The Leadership Genius of Alfred P. Sloan
Allyn Freeman
McGraw-Hill, New York
ISBN 0-07-145796-8 / $ 27,95
‘Waardevolle lessen over business, management en leiderschap voor de manager van vandaag.’ Een ronkende ondertitel, zeker voor een boek dat al ‘Het geniale leiderschap van Alfred P. Sloan’ heet. Maar het zou zonde zijn deze studie naar tijdloze managementprincipes om die reden ongelezen te laten.

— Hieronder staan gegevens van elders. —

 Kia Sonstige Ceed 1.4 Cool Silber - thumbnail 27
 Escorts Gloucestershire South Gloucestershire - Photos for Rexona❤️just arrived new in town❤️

Alfred P. Sloan Jr. (1875-1965) was een van de iconen van de twintigste eeuw. Als topman van General Motors zette hij de hele Amerikaanse auto-industrie naar zijn hand. Zijn inzichten in productie, marketing, sales, distributie en finance vonden weerklank tot ver buiten zijn eigen branche. Het systeem van Sloan zou decennialang hét voorbeeld blijven van hoe je een grote industriële onderneming moest leiden. Het bedrijf waar Sloan in 1956 afscheid van nam, zit inmiddels diep in de rode cijfers. Met hemzelf – of liever: met zijn imago – gaat het juist crescendo.
In de jaren tachtig dreigde hij in de hoek te worden gezet als de personificatie van de grote bureaucratische industriële conglomeraten die niet lean and mean genoeg waren om te overleven in een tijd van hypercompetitie. Maar de laatste tijd wordt zijn beeld weer afgestoft en opgepoetst. Mayo en Nohria gaven hem een prominente plek in hun standaardwerk over de business leaders van de twintigste eeuw (In their time, besproken in nummer 20 van 2005) en nu is er dus een complete studie gewijd aan zijn betekenis voor het management van nu.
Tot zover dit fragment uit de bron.